### Exercise aim
The full listing, exactly as written and with no images, is the expected output.

### Records supplied
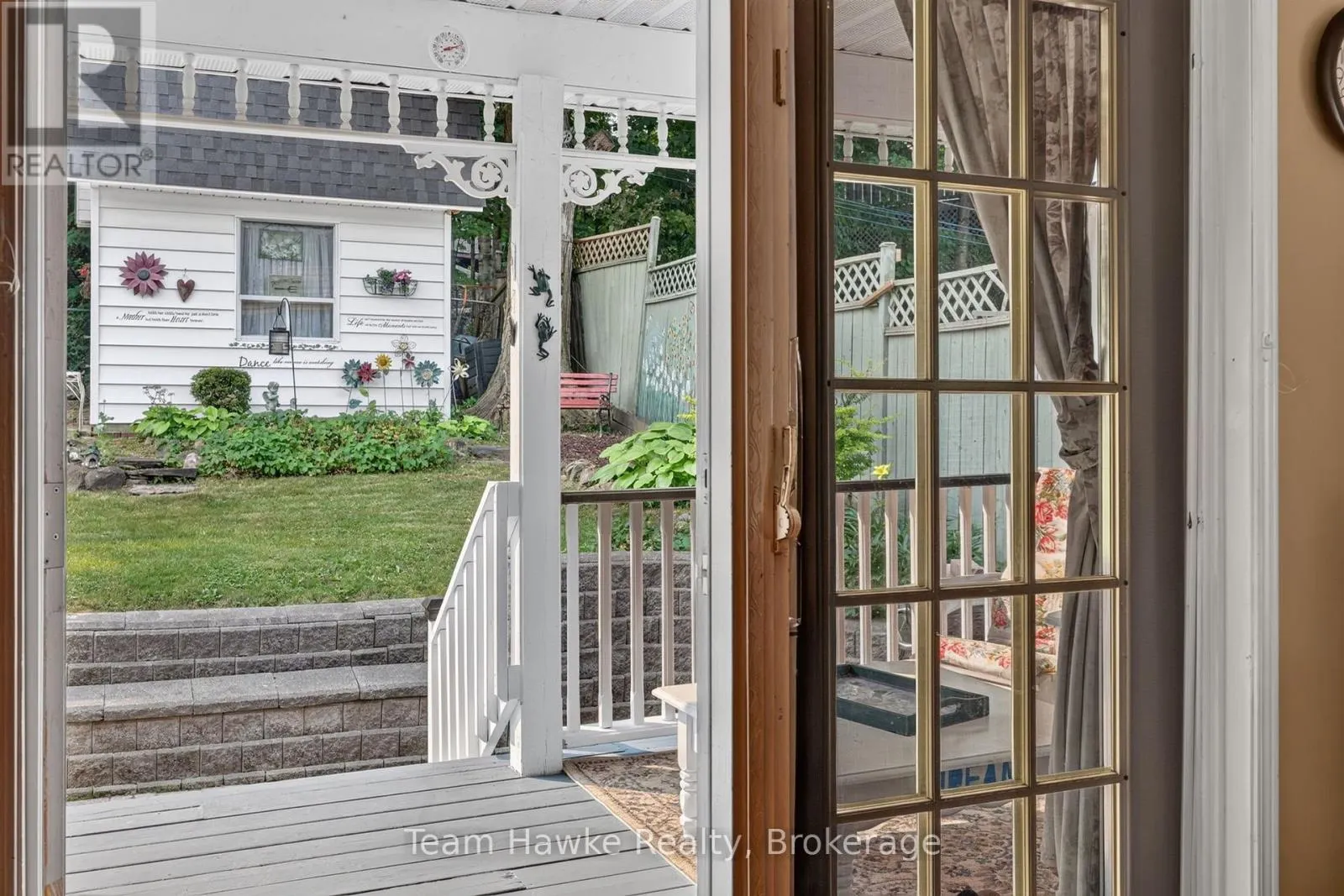 255 HANLY STREET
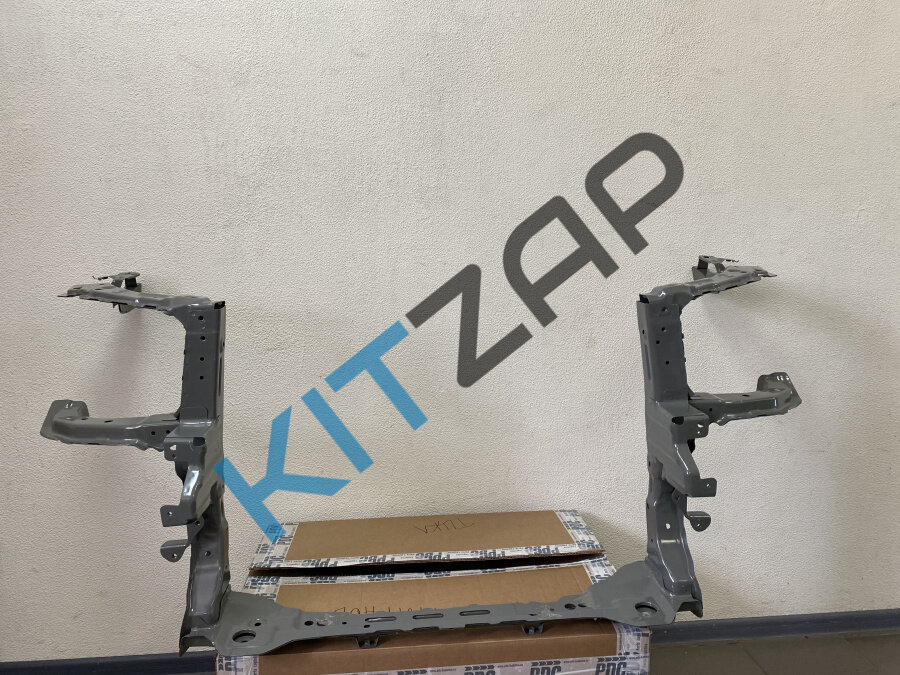 Панель передняя рамка радиатора 8400130XKZ36A HAVAL H6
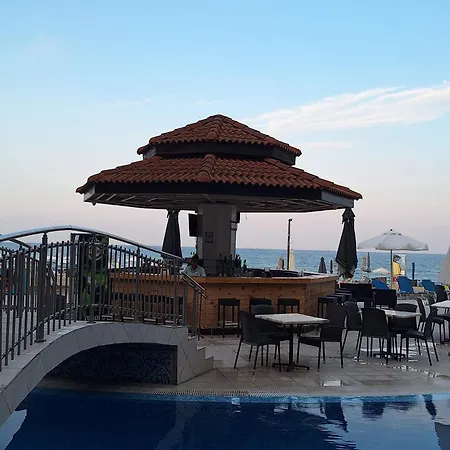 Panoramic Sea View At The 公寓 奥布佐尔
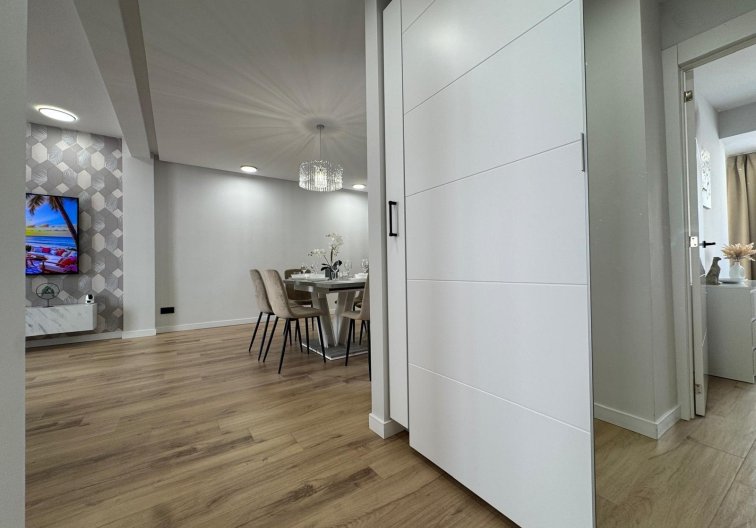 Segunda mano - Apartamento  - Torrevieja - Playa del Cura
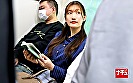 シーン1：パンスト穴あけ指入れ羞恥でねっとり膣内をほじられ本気汁が滴るほど感じまくる美脚女 6 人妻スケベOL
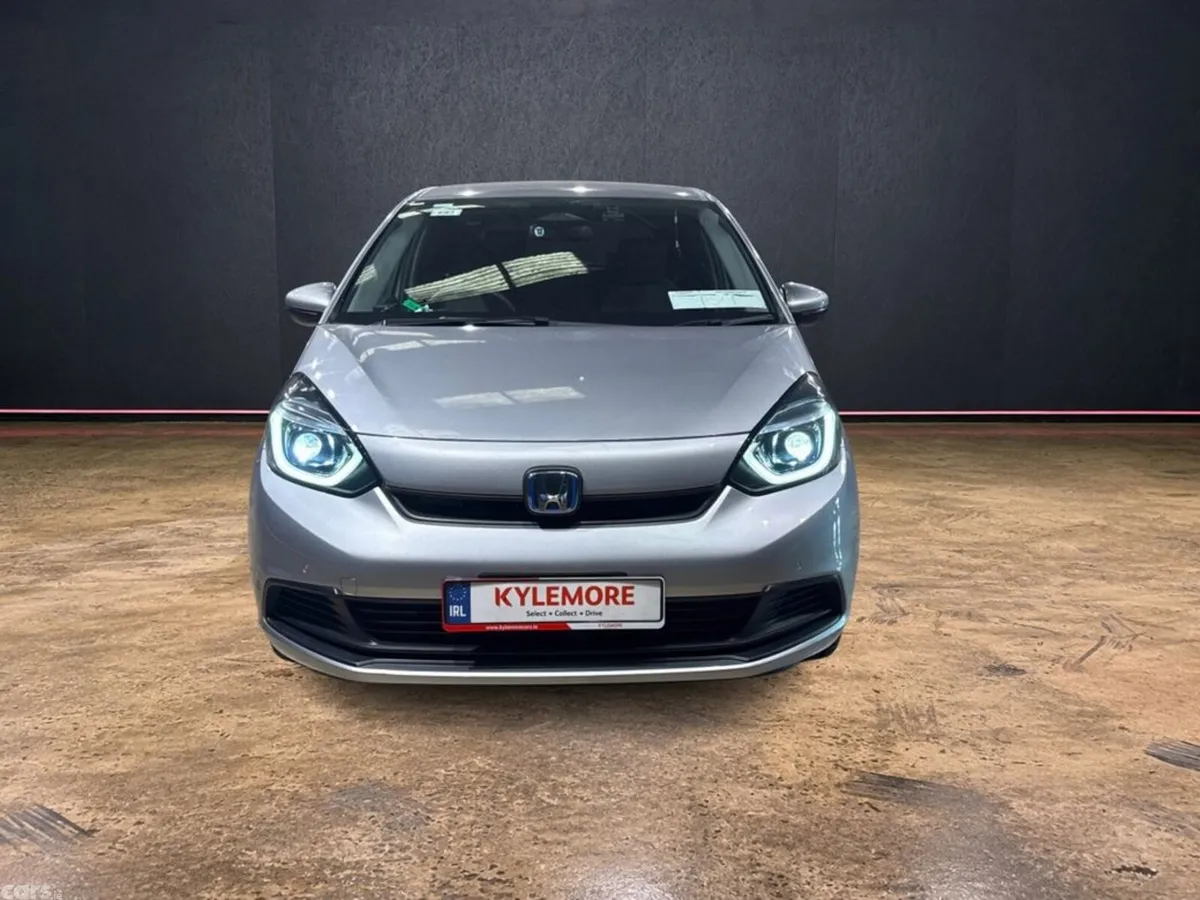Honda Fit Hatchback, Petrol Hybrid, 2023, Silver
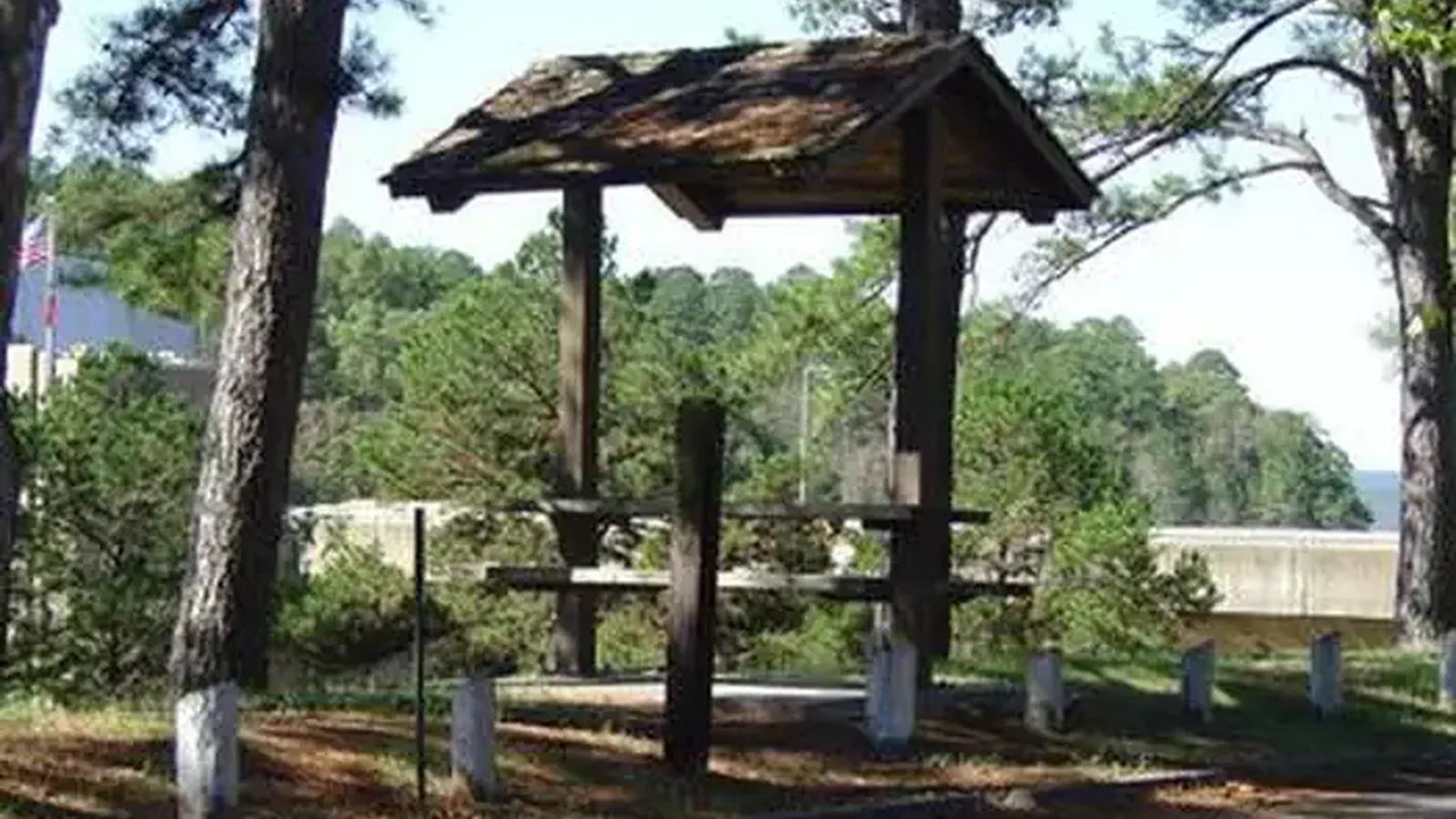 Picnic table at the dam area of the park.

### The completed task
 255 HANLY STREET
 Панель передняя рамка радиатора 8400130XKZ36A HAVAL H6
 Panoramic Sea View At The 公寓 奥布佐尔
 Segunda mano - Apartamento  - Torrevieja - Playa del Cura
 シーン1：パンスト穴あけ指入れ羞恥でねっとり膣内をほじられ本気汁が滴るほど感じまくる美脚女 6 人妻スケベOL
Honda Fit Hatchback, Petrol Hybrid, 2023, Silver
 Picnic table at the dam area of the park.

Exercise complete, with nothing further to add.